Unfortunately, and confusingly, the movie is Assassin’s Creed, a murky, inscrutable video game adaptation that
goes heavy on the action and portent but light on sense. How they ended up
here, other than an eagerness to collect a paycheck, must have something to do
with the material’s stupid clever conceit. A modern-day criminal is hooked up
to a sci-fi contraption and sent to eavesdrop in the brain and senses of a
violent ancestor living 500 years ago. (It’s a Quantum Leap with less
responsibility.) There’s a nugget of a fascinating concept about historical
inevitability and genetic determinism in this idea, but it is developed in a
scattershot way, draining suspense and intrigue the more it tries to complicate
matters. At first glance it may look and sound more important than the usual
attempts to make action movies out of video games, but the longer it goes the
worse it grows – tin-eared, nonsensical, consequence-free.
But you can’t say director Justin Kurzel isn’t trying. He
has cinematographer Adam Arkapaw whip up a textured and dusty look for the past
and a gleaming antiseptic blue-grey sheen for the future. Into these dark (dim,
really) frames goes Michael Fassbender, bringing far more neck-bulging Macbeth
emotion than the writing requires. He plays a man on death row who gets
injected with the executioner’s chemicals only to awake in a covert institute
in Spain where a mysterious Marion Cotillard (a little less Lady Macbeth-y) hopes to use his DNA to extract
the history of a centuries-old assassin (also Fassbender) and his mission to
hunt down the apple Eve bit in Eden. Yes, you read that correctly. This movie
began pleasingly silly in the way plenty pompous pulp pictures do: with a wall
of text. This one is describing an ancient battle over supernatural relics
fought between the Knights Templar and Assassin’s Creed. The following
confounding opening sequences are preposterous and exciting, cutting ruthlessly
between slashing violence in the past and glowing doohickeys in the near
future, trying breathlessly to tie two timelines and Fassbenders together into
one nutty narrative.
By the time the swirling screenplay (by one writer who has
adapted Shakespeare and two who adapted Vernoica Roth, if that indicates what’s
going on here) settles into its main groove, the full incomprehensibility comes
to the fore. We watch as our modern man gets attached to a giant apparatus that
allows him to fully experience the sensations of his ancestor’s battles.
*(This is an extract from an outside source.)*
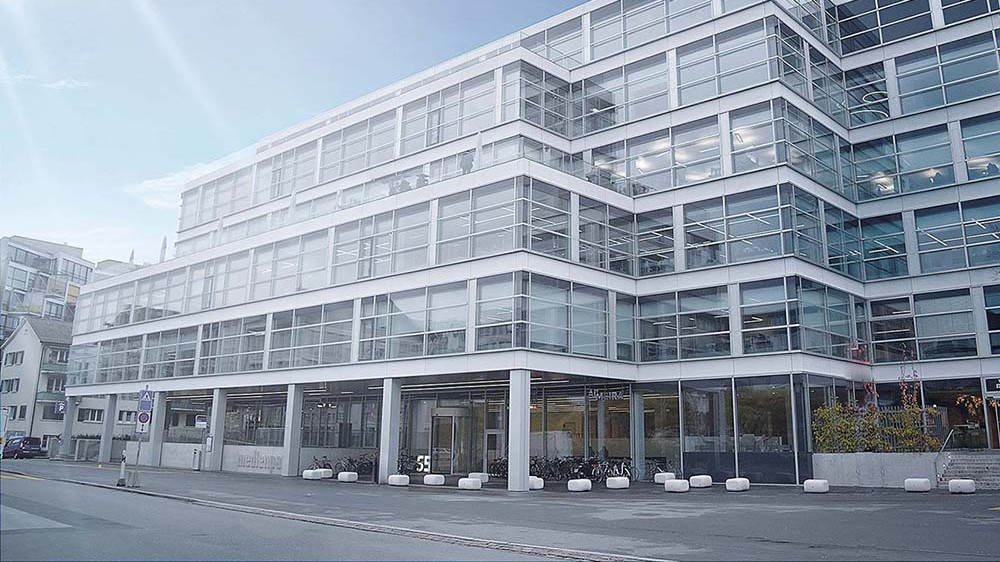 Un immeuble commercial moderne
Yet he
can’t change the past. He’s merely an observer. And the company bankrolling
Cotillard – and which also employs other great thespians Jeremy Irons,
Charlotte Rampling, Brendan Gleeson, and Michael K. Williams, all asked to
speak in hushed monotone – simply wants him to see where the elaborate
historical action sequences – galloping horses, jabbing swords, and medieval
parkour – take the apple. Why they can’t take him directly to when the apple is
dropped off somewhere is beyond me. And what will this apple do once found?
Nothing less than give them control of Free Will, though what that looks like
or accomplishes is left awfully fuzzy. But if you’re already accepting a
technobabble process by which DNA can be decoded into the ultimate VR
experience, what are one or two more disbeliefs to suspend?
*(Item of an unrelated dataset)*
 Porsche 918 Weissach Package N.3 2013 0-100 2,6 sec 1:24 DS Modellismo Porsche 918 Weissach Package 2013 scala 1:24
We’re watching two timelines: one in which unknowable future
people stare at monitors, and one in which preordained action plays out without
suspense because A.) we know they get the apple, and B.) our protagonist’s only
involvement is paying attention to it. As a result, my attention dipped
dramatically once I got used to the silliness and saw the stasis of it all.
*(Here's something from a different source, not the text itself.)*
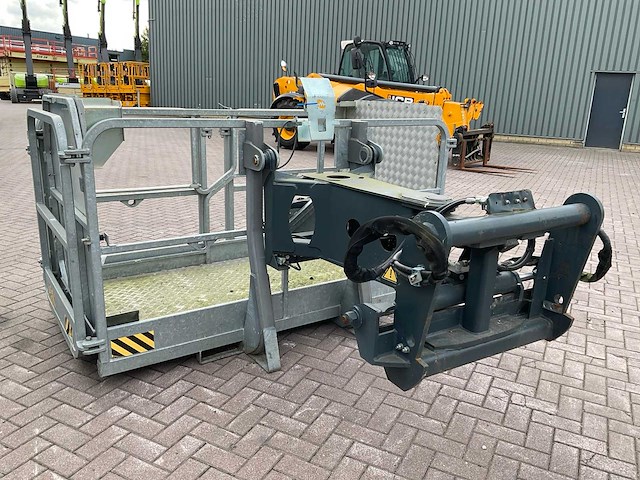 2021 magni rep 10.2-4.7u werkplatform - afbeelding 2 van  5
Sure, it looks striking and Kurzel has a tremendous amount of acting talent
playing along with the inherently goofy story done up in total straight-faced
seriousness. It has the thunderous sound design and huge CGI budget of a big
studio production, and the constant drumbeat of flashy spectacle and weightless
violence required of its genre. But every second that goes by means less and
less as the groaning sturm und drang
adds up to hollow, pointless confusion. The pseudo-mystical medieval
swashbuckler hidden under layers of contrived convolutions would be a lot more
fun if it wasn’t tied to such a ponderous drag about Fate and Conspiracy and
Revenge. By the end, with the action finally mattering as it (mild spoiler, if
you care) erupts in the other timeline, as the Assassin bloodline has its
revenge on the techno-Templar, I found myself wondering why they hadn’t done that
an hour earlier and saved us all the trouble of sitting through the hectic
nothing. No movie this stupid can afford to be so dull.